In a recent work [84], the load-balancing property is studied using the projection of a 3-connected planar graph to a convex three-dimensional polyhedron as described in the Koebe–Andreev–Thurston embedding [67]. When the network is dense and with a proper embedding, the polyhedron is approximately a sphere. Thus greedy routing on the polyhedron also avoids the problem of causing a dense centre. Different from the curve-ball method, greedy routing on the convex polytope guarantees delivery [62].

#### (iii) Routing in a square

Mei & Stefa [85] studied load balancing for a square-shaped sensor network. The network is quadrupled by successive reflections in the *X* and *Y* axes and the network is now four times as big and has the topology of a torus. Each node is mapped to an image in each of the four copies.

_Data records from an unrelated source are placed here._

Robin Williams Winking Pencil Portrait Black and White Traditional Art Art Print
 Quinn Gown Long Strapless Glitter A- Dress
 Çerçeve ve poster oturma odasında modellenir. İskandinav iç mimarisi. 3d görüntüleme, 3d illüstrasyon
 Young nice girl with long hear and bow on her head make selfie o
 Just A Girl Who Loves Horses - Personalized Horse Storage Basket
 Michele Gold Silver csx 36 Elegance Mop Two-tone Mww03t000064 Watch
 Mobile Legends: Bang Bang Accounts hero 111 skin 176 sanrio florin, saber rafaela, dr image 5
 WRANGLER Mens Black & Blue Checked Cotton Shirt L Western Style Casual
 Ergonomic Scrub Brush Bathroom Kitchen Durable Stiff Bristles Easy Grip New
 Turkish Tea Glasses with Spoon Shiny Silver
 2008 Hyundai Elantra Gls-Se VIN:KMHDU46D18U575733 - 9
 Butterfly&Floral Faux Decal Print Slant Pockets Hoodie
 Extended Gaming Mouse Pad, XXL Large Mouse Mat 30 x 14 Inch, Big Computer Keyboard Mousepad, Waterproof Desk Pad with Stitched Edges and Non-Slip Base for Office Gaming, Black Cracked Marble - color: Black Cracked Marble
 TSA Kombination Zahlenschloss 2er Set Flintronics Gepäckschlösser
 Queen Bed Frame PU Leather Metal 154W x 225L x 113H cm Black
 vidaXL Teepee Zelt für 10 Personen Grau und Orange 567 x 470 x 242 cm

For routing, each of the four copies of the destination is chosen with equal probability. Routing is executed using greedy geographical routing on the torus, which is equal to reflecting back from the boundary in the original network. This method has good load-balancing properties and the centre is not overloaded, but at the cost of increasing the average traffic load, as the routing path may now be much longer.

#### (iv) Routing in the covering space

For a general network with possibly big holes, none of the previous methods work very well. In particular, most greedy routing methods, using geographical locations or other virtual coordinates, tend to follow the hole boundaries and heavily overload these nodes. Sarkar *et al.* [86] proposed to use the notion of covering space to deal with the problem. This builds on top of the virtual embedding [75] in which all boundaries are circular. Now we have a network with *k* circular holes. For each interior hole, one can take a Möbius transformation that essentially ‘reflects’ the network inwards with respect to the hole. This partially fills up the hole, except that there are *k* smaller circular holes. Now we can continue such transformations with respect to the remaining holes so that all the holes are eventually filled up, with infinitely many transformed copies of the original sensor field. In practice, we stop after a number of rounds when the holes left are sufficiently small. For routing in the covering space, a message can ‘enter’ the hole to route in another copy of the network, effectively reflecting on the hole boundary. The nodes on the boundary are now treated in the same way as the other nodes with respect to routing and the problem of them being overloaded is substantially alleviated.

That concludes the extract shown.